Roger Moore was in London last weekend, attending a conference that celebrated all things film, and especially Bond. It may be Moore’s most famous role but Dean Newman sheds light on perhaps his finest acting role, made a full three years before he took ownership of his trusty Walther PPK. The name’s Pelham…Harold Pelham.
Roger Moore. James Bond, The Saint, that raised eyebrow. But between his time as Simon Templar and Her Majesty’s finest Sir Roger gave us one of his finest performance – it is in fact his favourite film featuring himself – in the early 70s thriller chiller, The Man Who Haunted Himself.
With its early 70s London setting I often see it as a companion piece of sorts to what I regard as Hitchcock’s last hurrah, Frenzy, also set in the Capital. interestingly enough a version of The Man Who Haunted Himself made it onto Alfred Hitchcock Presents in under the title of The Case of Mr Pelham, the title of the book on which the film is based.
Things start of cheery enough with typical shots of a untypically moustached Moore driving round the sites of London with some really rather upbeat music. Then, almost without warning it is the turn of the strange as Pelham (Moore) takes his belt off and races down the M4 with maniacal grin and scant regard for those all around him.
He then has the mother of all crashes and finds himself in an operating theatre as they fight to save his life. At one point two heartbeats appear on the heart rate monitor as the surgeons battle to save him thus unwittingly unleashing a second Mr Pelham on the world, a devilish, charismatic, womanising version, yet both men seem to inhabit the same world and interact with the same people, including work colleagues and lovers.
Whilst the original Pelham is mild and your Mr Average, the new version is, just like his sports car, souped up and souper charged. Ironically at one point Pelham discusses a merger, but he see it as a takeover, which is exactly the battle that rages within Roger Moore, is it a merger or a takeover?
I suppose in a way you could see it as a 70s version of Face Off, minus the slow mo action and doves of course. Although highly stylised in that early 70s manner – cue jaunty camera angles, crash zooms and dubious rear screen projection but it adds to the whole atmosphere of the piece.
For those who thought Moore was just adept at punning whilst saving the world they will be pleasantly surprised at his dark side, and whilst we saw flashes of that in Bond, such as the harder edged Bond in For Your Eyes Only kicking a car off a cliff and flicking a man from his tie to his death in The Spy Who Loved Me.

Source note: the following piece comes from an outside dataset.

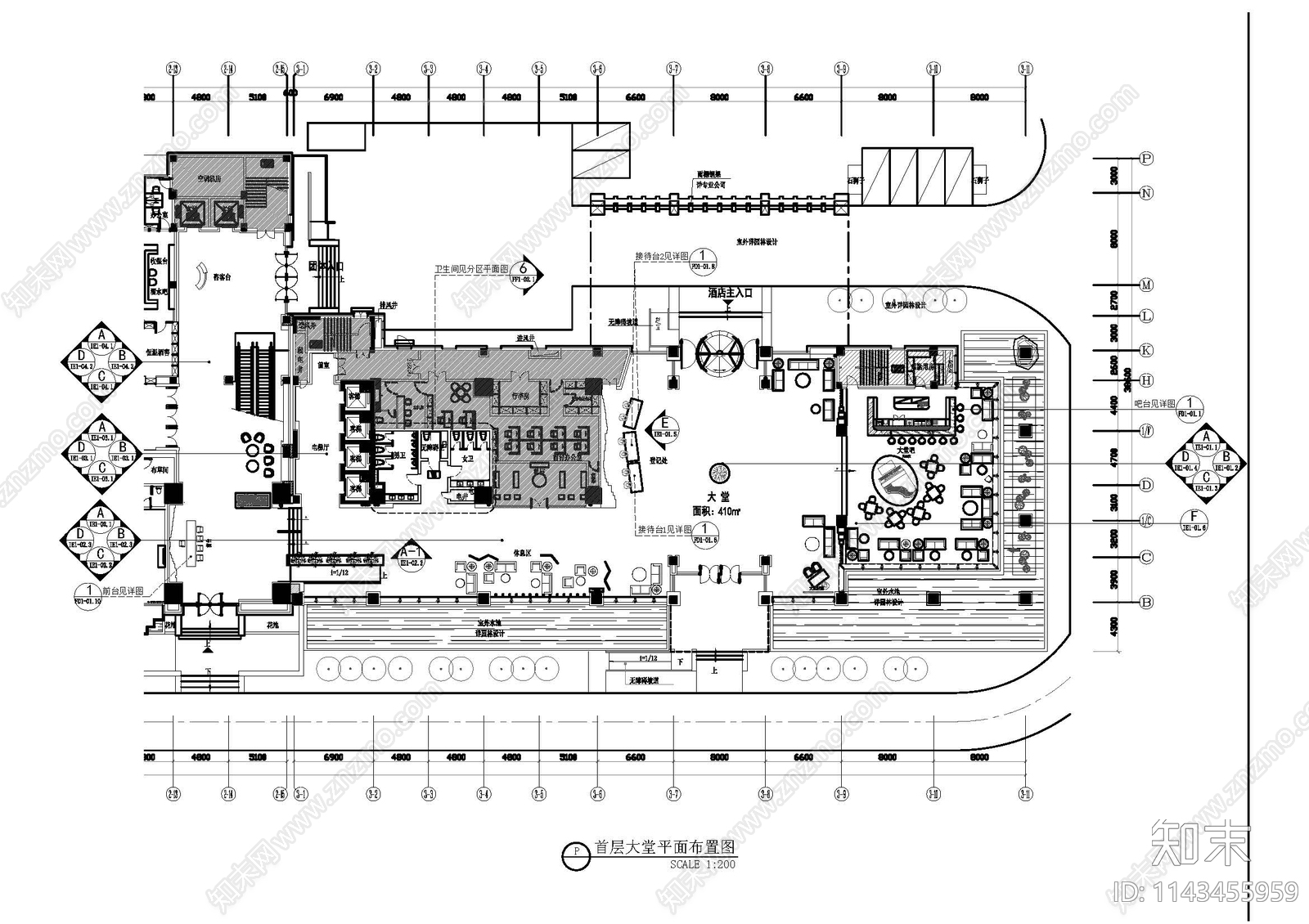 一层大堂整套cad施工图下载【ID:1143455959】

We share the original Pelham’s panic when a whole host of people claim he has been in one place when he has been in other, inviting friends round when he hadn’t, all of which creates some excellent pacing as the actual Pelham begins to question his sanity when an increasing amount of people have seen ‘him’ when it is actually his doppelgänger.
At certain points the audience even begins to question which is which and the pace of the film never really lets up as we eventually head onto a collision course with two Pelham’s finally meeting, giving a whole new meaning to double 0 heaven. It is an excellent tension raiser as we really feel the hysteria that Moore brings to the role and makes us ask ourselves, what would we do if it happened to us?
Bursting into his Gentlemen’s club, looking for the imposter personating him, Moore’s brow becomes more sweaty – we, like Moore are never really sure if it is an imposter or not. Gradually, the awful truth becomes clear. When he died on the operating table and had to be resuscitated, a doppelgänger (or “alter ego”) was released…. and now the real Pelham and his sinister double are locked in a life-and-death struggle against each other.
The role(s) of Pelham ranks as a career best role for Moore who really makes us believe that he is two people, just as Sam Rockwell did in Moon.
Dated, of course, but there is no denying that this film has a certain vibe about it that is sure to see it remade in the near future. One can only hope it is someone like Christopher Nolan in the Director’s chair, who covered similar ground in both Memento and The Prestige.
A supernatural tale with a sting in its tale the film had one more dark surprise to unleash, Basil Dearden, the director, died shortly after completing filming, dying in a car crash in a place that was in the ‘exact’ same location that a major character dies in the film. An incredible coincidence and a sad loss, but Dearden’s legacy was this film that deserves to be discovered and seen by a wider audience, even though part of me is pleased that it is still something of a hidden gem.